SERG talk: An Empirical Study of Software Vulnerabilties via Fine-grained Analysis in Maven
When: November 30, 2022, 11:00 - 12:00
Where: Hybrid
Abstract Reusing software libraries is a pillar of modern software engineering and the average Java application depends on 40 third-party projects/libraries in 2022. Unfortunately, relying on such libraries exposes a project to potential vulnerabilities and may put an application and its users at risk. Research on software ecosystems has shown that more and more projects are affected by such vulnerabilities. However, previous investigation usually reason about dependencies on the dependency level and we believe that this highly inflates the actual number of affected packages. In this work, we study the effect of transitivity and granularity on vulnerability propagation in the Maven ecosystem. In our research methodology, we gathered a large dataset of 3M recent Maven packages. For this dataset, we obtain the full transitive set of dependencies, construct whole-program call graph and perform reachability analysis. This approach allows us to identify Maven packages that are actually affected by using vulnerable dependencies.
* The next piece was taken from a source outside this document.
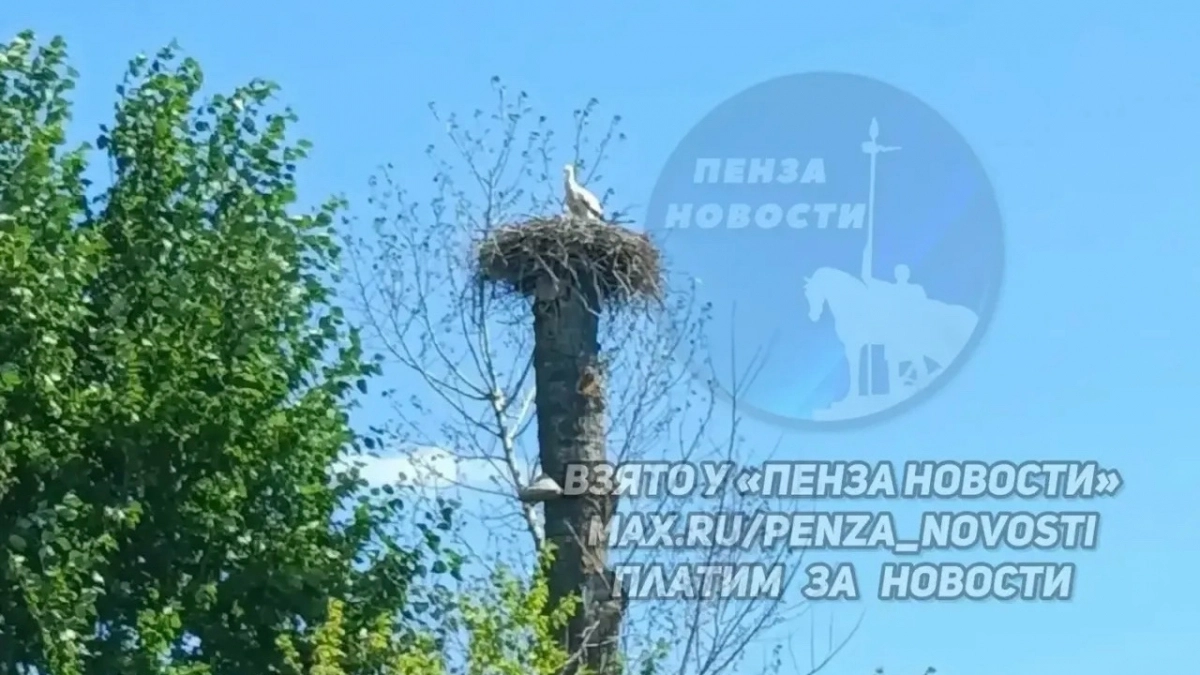 Трогательное семейство аистов в гнезде засняли жители Каменского района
Our empirical results show that: (1) about 1/3 of packages in our dataset are identified as vulnerable if and only if all the transitive dependencies are considered. (2) less than 1% of packages have a reachable call path to vulnerable code in their dependencies, which is far lower than that of a naive dependency-based analysis. (3) limiting the depth of the resolved dependency tree might be a useful technique to reduce computation time for expensive fine-grained (vulnerability) analysis.